O Ministro também acredita que a mostra pode despertar o interesse de brasileiros para o trabalho no CICV, antes permitido apenas aos suíços, e agora aberto a todas as nacionalidades. Para ele, fomentar esse conhecimento é uma contribuição importante para gerar consciência de que realmente é preciso fazer algo pela dignidade humana.

CICV e as Convenções de Genebra

Em 1859, um combate entre o exército francês e austríaco no norte da Itália, conhecida como a Batalha de Solferino, deixa milhares de mortos e uma quantidade ainda mais expressiva de feridos. Tendo presenciado os horrores daquele momento, o suíço Henry Dunant decide pela criação de uma rede de assistência aos feridos de guerra, fundando em Genebra, em 1863, o Comitê Internacional da Cruz Vermelha (CICV).

Em 1864, o governo suíço convoca uma Conferência de Estados que aprova o texto da Primeira Convenção de Genebra.
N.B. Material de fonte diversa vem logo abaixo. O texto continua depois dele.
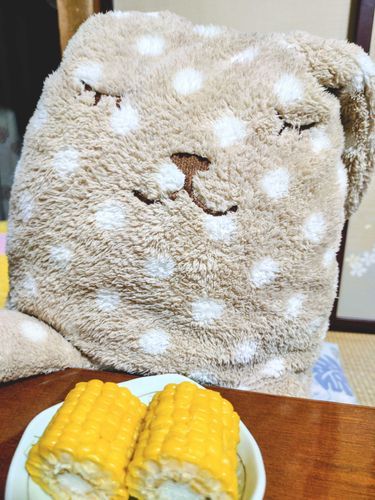 今季初と思われるとうもろこしを食すうさぎさん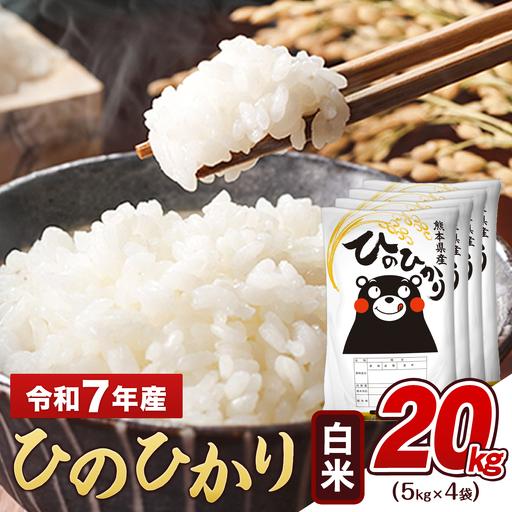 ふるさと納税 白米 令和7年産 ひのひかり 20kg 米 熊本県玉東町 : ふる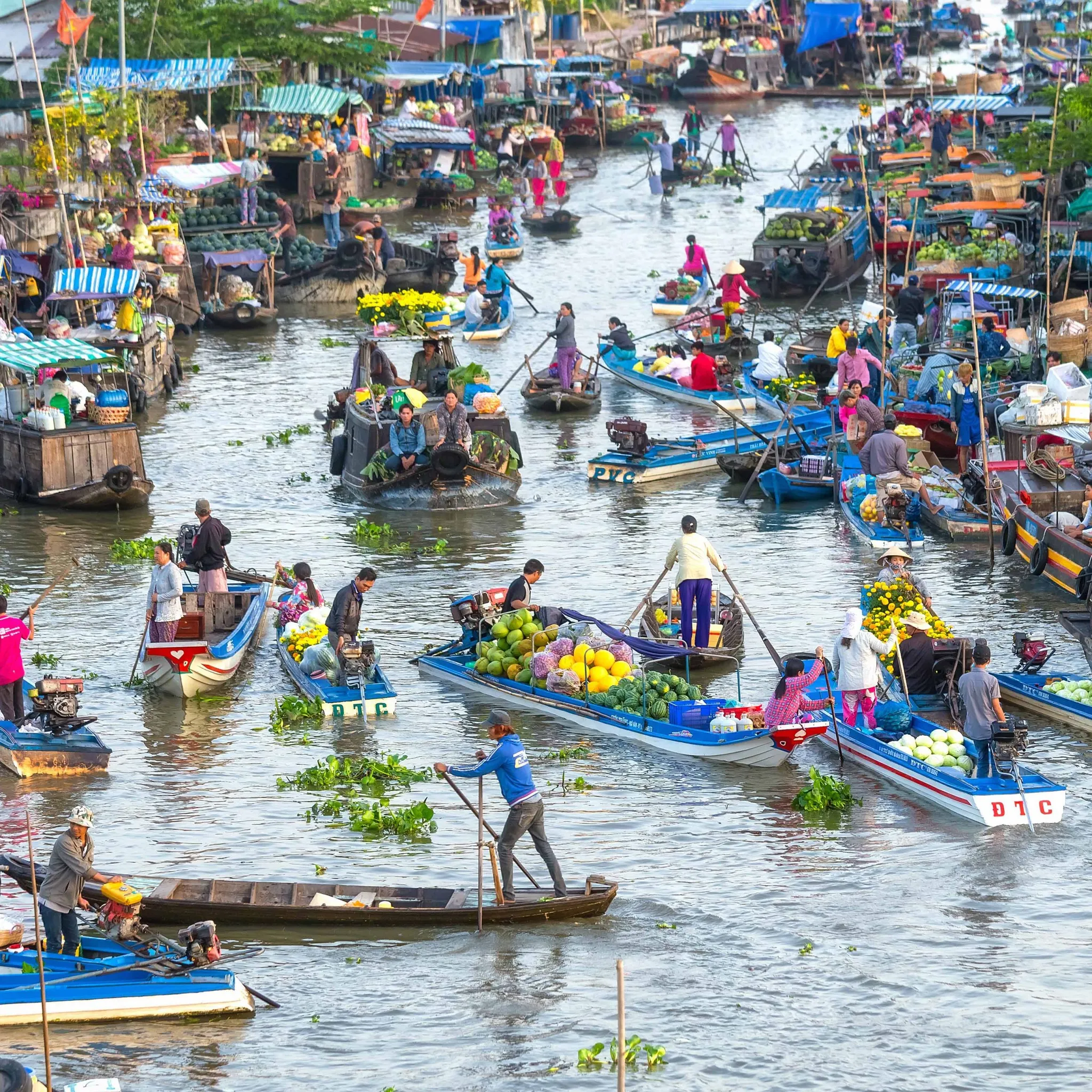 mekong delta 3.jpg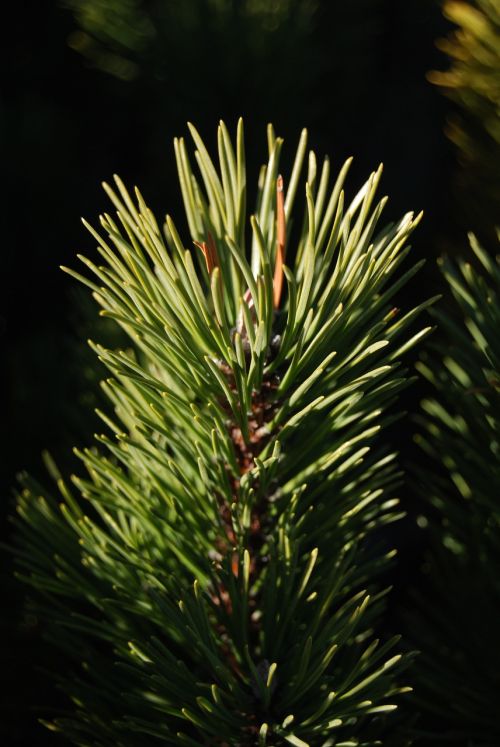 needles conifer pine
O tratado estabelecia a obrigação dos Estados em conflito a respeitar e cuidar dos militares feridos ou doentes sem discriminação, limitando a barbárie nos conflitos armados e que se tornou base para o Direito Internacional Humanitário (DIH).

Ao longo dos anos, essa convenção continuou se desenvolvendo com a adoção de novos instrumentos internacionais pelos Estados, em especial as Convenções de Genebra de 1949 e os Protocolos Adicionais de 1977. Estas Convenções são um conjunto de regras que protege os civis e as pessoas que não mais participam do combate, incluindo militares feridos e doentes ou prisioneiros de guerra.